Hand me that old mug and I'll fill it right up. I take my coffee black, but here's a bit of cream and sugar if you'd like.

Set that campfire aflame, kick back, and let's engage fruitful conversation. Let's speak freedom to one another.

Let's have an authentic conversation. Let's ask hard questions. Let's live our way into answers.

The premise of our campfire talk?

These words: gender teachings are a form of unbiblical oppression to many.

Here's the thing: accuracy isn't the problem. Some men and women fit such molds, and that's all good and well for them. The problem is that not everyone fits such stereotypes, and I'd like to propose that perhaps not everyone is meant to.

In discussing general stereotypes within society (zoomed in on American society rather than other cultures) during my last post in this series I offered the idea that the little girl who pretends to slay dragons is just as welcome into the kingdom of God than the one who prefers tea-parties. The little boy who likes ballet is just as loved as the one who desires to fish and shoot things.

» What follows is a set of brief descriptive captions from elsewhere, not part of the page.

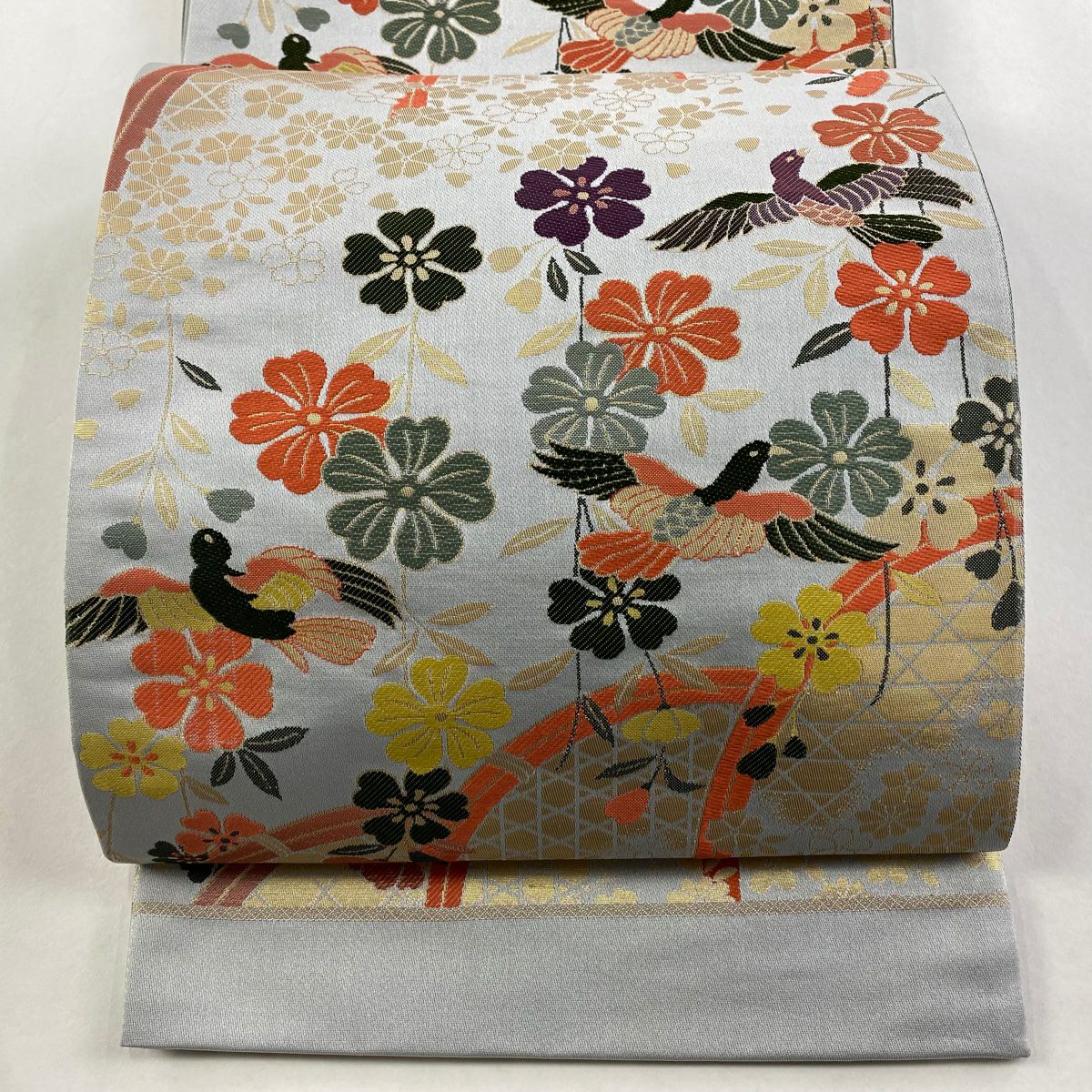 【美品】 袋帶 秀品級 草花紋紋 鳥 金金箔 灰色 六通 純蠶絲
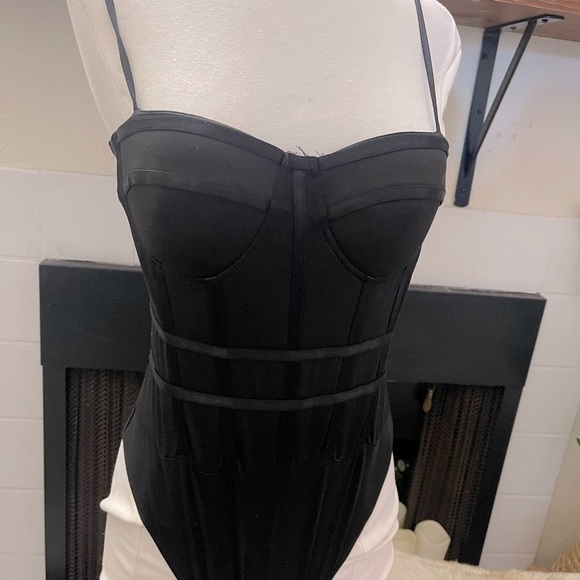 Haute monde Elegant Black Corset Bodysuit Sz m - Picture 1 of 4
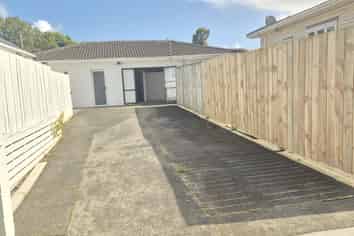 126 Universal Drive, Henderson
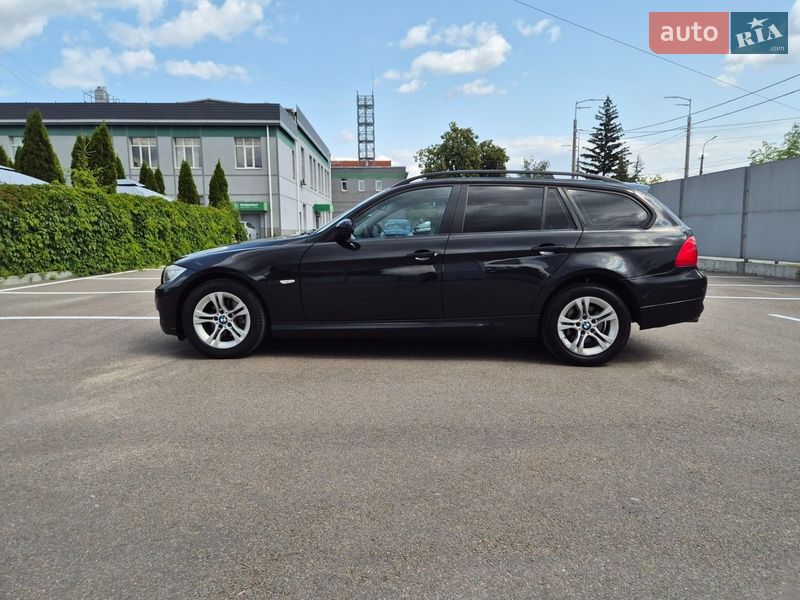 Универсал BMW 3 Series 2010 в Киеве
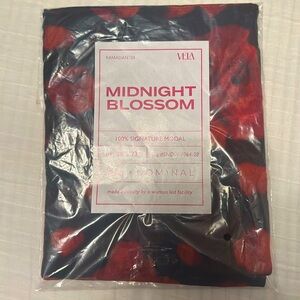 NWT Vela Scarves unopened midnight blossom modal scarf hijab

When it comes to gender expectations it is unfair to assume that any person will fit into a mold. Each person is a unique human being, and the best way to humanize someone is to look them in the eye and proclaim "you are a beautiful creation".

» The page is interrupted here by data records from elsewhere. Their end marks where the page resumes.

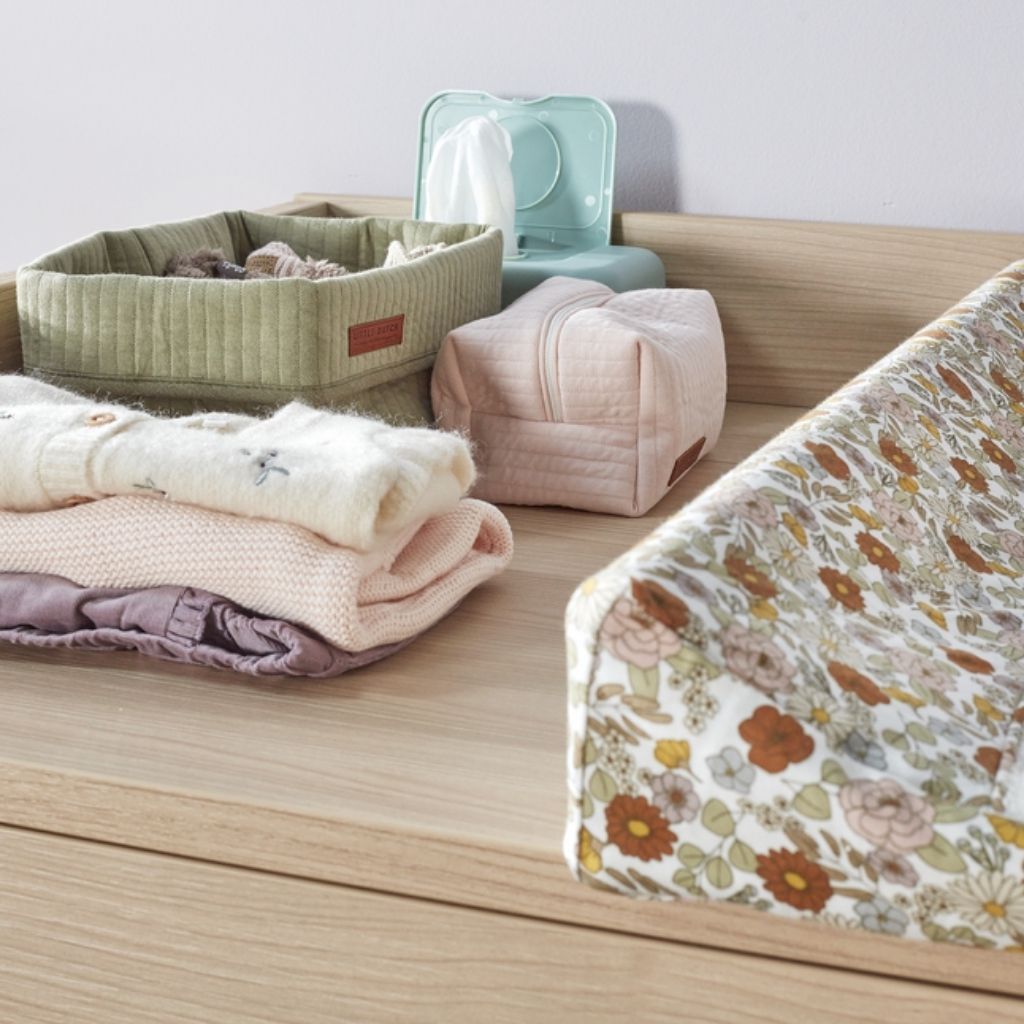 Transland Chambre de bébé 3 pièces (lit évolutif + commode + armoire 2 portes et étagères ouvertes) Niel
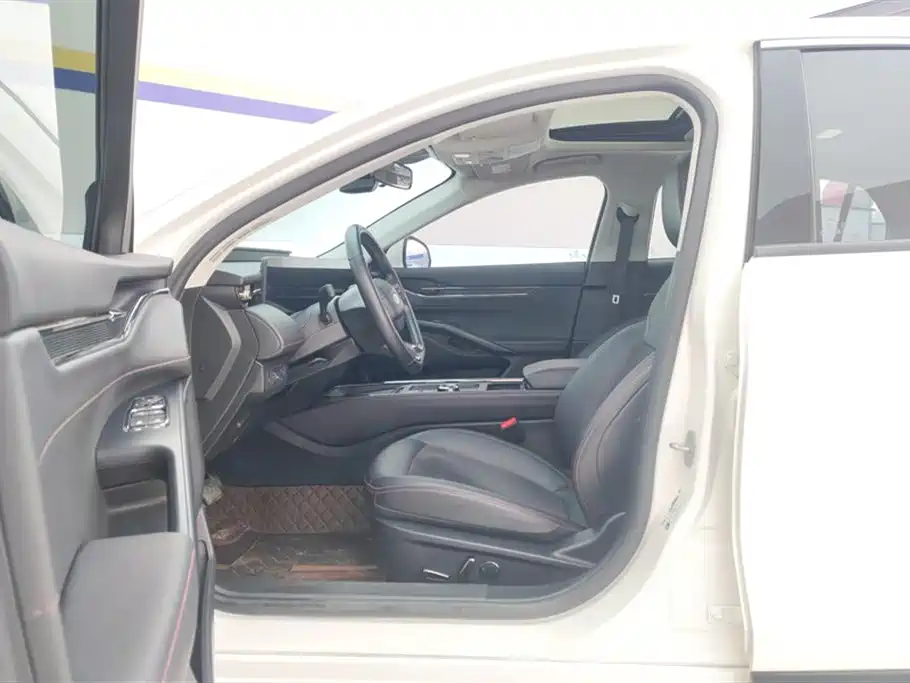 Mondeo 2023 EcoBoost 180 Luxury купить на сайте DeffCars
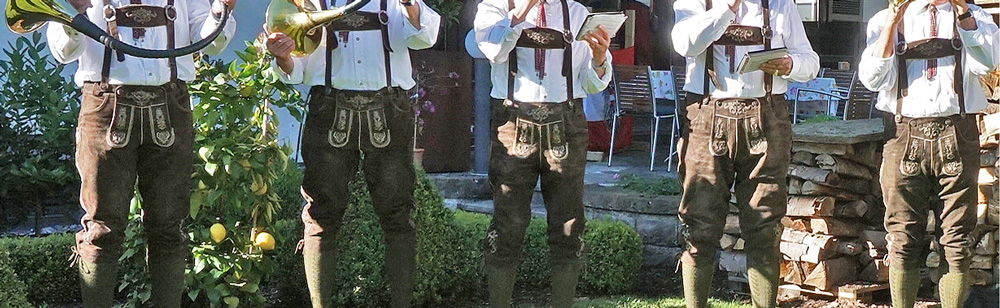 Ziegenlederhose versus Jagdtradition Ziegenlederhose versus Jagdtradition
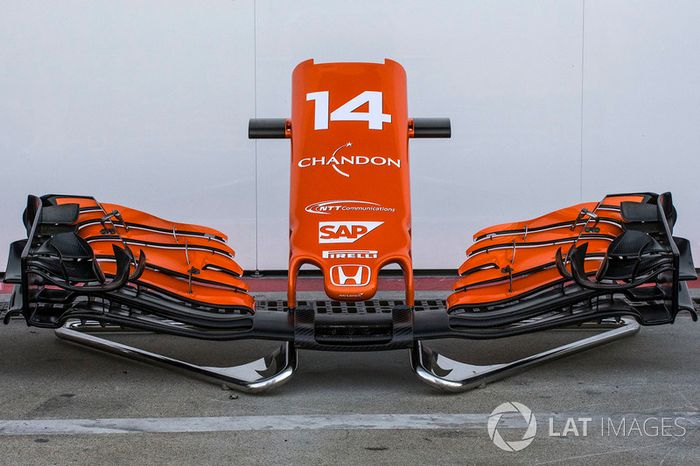McLaren MCL32 nariz y el ala delantera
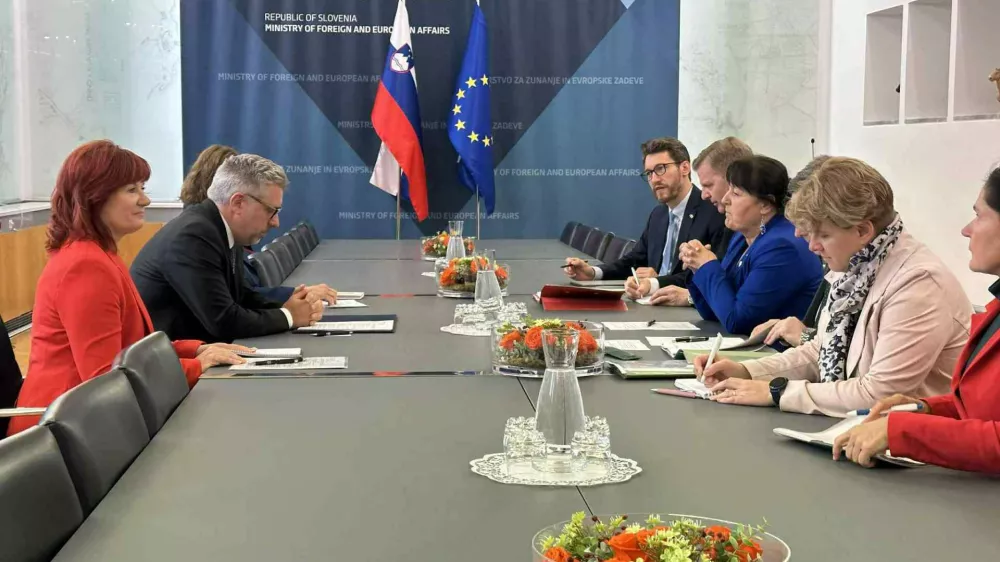 Manuela Khom, namestnica štajerskega deželnega glavarja, Marko Štucin, državni sekretar na MZEZ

There's no one quite like you, and I will not, I cannot cram your marvelous self into a confining box of roles and expectations. In society, we need to overstep gender assumptions and molds. We need to see people as individuals, all with our own stories and personalities and preferences. It's also not fair to define a person by anatomy alone, to reduce a person down to genitals, for our anatomy is not who we are.

We're more than flesh.

I'm not simply bone and marrow. You aren't just a mere compilation of star stuff (though isn't it beautiful that simultaneously we are of this world?). We're a part of this earth and yet we are of another world. Obviously we're flesh and blood, but there's more to us than that.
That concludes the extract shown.